To see if your body will respond to sacral nerve stimulation, you’ll be given a temporary device. A medical professional will insert a wire through your skin near your tailbone and connect it to your sacral nerves. The wire is connected to a small battery-operated device that’s worn on a belt.

This phase typically lasts about 2 or 3 weeks. In a study published in The Journal of Urology, researchers found that after a 3-week evaluation phase, symptoms improved in 62 percent of people.

Among people who did not have success after the first week, 42 percent had an improvement in symptoms after reprogramming.

Implant phase

If your evaluation phase is successful and your doctor thinks you’ll make a good candidate, you’ll be offered an implant. A greater than 50 percent improvement in symptoms is usually considered successful.

The small implant is placed beneath your skin in your upper buttocks with a wire connected to your sacral nerves. If your initial test is not successful, your doctor will either remove the wire or recommend repeating the evaluation.

Sacral stimulation may be an option if you have not found success with more conservation treatment options, such as:

First-line medication options usually include anticholinergics or beta-3 agonists.

Your doctor can let you know if they think sacral nerve stimulation will help you. Some people may not make good candidates, such as people:

  • with urinary obstructions
  • with current pelvic infections
  • with severe or rapidly progressive neurological diseases
  • who are over age 55 and have three or more long-term health conditions
  • who do not respond to the evaluation phase
  • who are undergoing magnetic resonance imaging (MRI), although MRI-safe devices are now being introduced in the United States.

It’s still not clear if sacral stimulation is safe for pregnant people.

Is it covered by insurance?

Many insurance companies cover sacral nerve stimulation in people who do not respond to more conservative treatments or who do not make good candidates for other treatments.

For example, Medicare plans supported by Blue Cross North Carolina cover sacral nerve stimulation when used to treat urinary urge incontinence.

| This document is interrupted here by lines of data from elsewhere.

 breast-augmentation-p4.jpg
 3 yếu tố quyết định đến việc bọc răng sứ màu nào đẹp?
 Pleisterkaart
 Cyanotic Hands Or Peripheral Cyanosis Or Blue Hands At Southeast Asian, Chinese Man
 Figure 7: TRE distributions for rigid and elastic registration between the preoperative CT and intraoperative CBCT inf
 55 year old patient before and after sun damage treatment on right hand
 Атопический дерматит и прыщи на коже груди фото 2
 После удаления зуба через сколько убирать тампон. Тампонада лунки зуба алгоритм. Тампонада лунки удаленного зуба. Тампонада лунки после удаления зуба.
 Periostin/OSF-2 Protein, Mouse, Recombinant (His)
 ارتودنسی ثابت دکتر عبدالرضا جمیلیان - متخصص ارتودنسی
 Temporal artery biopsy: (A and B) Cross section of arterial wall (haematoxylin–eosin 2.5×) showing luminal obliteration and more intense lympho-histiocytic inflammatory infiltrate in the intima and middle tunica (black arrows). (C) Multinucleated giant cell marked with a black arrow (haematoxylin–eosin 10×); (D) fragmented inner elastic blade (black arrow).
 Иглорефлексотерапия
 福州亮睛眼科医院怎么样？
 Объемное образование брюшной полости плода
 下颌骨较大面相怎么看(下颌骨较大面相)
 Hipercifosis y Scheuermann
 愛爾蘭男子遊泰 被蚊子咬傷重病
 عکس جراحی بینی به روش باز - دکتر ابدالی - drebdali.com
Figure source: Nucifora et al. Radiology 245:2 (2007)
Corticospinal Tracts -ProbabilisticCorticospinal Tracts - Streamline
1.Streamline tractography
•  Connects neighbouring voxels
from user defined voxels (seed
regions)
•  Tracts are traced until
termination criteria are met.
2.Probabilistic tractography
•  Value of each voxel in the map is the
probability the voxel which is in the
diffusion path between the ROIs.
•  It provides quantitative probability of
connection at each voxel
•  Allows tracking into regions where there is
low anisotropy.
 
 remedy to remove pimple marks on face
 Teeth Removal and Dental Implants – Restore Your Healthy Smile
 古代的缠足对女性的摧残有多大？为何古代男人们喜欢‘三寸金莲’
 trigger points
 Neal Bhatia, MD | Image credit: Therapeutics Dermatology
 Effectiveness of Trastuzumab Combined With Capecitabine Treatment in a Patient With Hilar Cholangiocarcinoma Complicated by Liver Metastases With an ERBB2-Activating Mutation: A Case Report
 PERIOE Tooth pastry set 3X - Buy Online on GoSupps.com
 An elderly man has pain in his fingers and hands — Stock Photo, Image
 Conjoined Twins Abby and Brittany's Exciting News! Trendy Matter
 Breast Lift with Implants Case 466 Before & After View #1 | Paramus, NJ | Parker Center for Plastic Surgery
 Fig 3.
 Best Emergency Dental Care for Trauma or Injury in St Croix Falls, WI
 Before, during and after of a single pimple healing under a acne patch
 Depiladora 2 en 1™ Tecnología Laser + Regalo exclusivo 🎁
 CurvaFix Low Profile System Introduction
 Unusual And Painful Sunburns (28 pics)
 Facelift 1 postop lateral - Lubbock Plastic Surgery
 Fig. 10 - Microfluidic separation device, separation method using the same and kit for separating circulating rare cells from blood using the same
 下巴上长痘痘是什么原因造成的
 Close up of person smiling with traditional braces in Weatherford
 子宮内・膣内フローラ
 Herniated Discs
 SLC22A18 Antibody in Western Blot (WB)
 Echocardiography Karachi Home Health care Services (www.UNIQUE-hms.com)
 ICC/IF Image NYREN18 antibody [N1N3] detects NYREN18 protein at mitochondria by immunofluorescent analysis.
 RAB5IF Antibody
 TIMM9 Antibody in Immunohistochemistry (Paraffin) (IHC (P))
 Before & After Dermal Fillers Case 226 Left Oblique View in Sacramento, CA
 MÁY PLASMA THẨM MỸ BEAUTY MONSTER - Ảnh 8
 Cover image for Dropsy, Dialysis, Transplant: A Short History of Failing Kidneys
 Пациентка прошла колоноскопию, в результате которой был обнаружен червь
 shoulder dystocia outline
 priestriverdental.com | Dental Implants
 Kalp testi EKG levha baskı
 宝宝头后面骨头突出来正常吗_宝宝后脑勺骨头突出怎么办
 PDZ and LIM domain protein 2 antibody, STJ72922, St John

To qualify, you must show a 50 percent improvement in the evaluation phase and meet other candidacy requirements.

Sacral nerve stimulation is a procedure that involves placing an electrode under your skin to stimulate the nerves that send messages between your brain and bladder.

It may be an effective option if more conservative treatments have failed. You can discuss this procedure with a doctor to see if it’s right for you.

Before receiving an implant, you’ll be given the opportunity to have a short trial to see if it’s effective.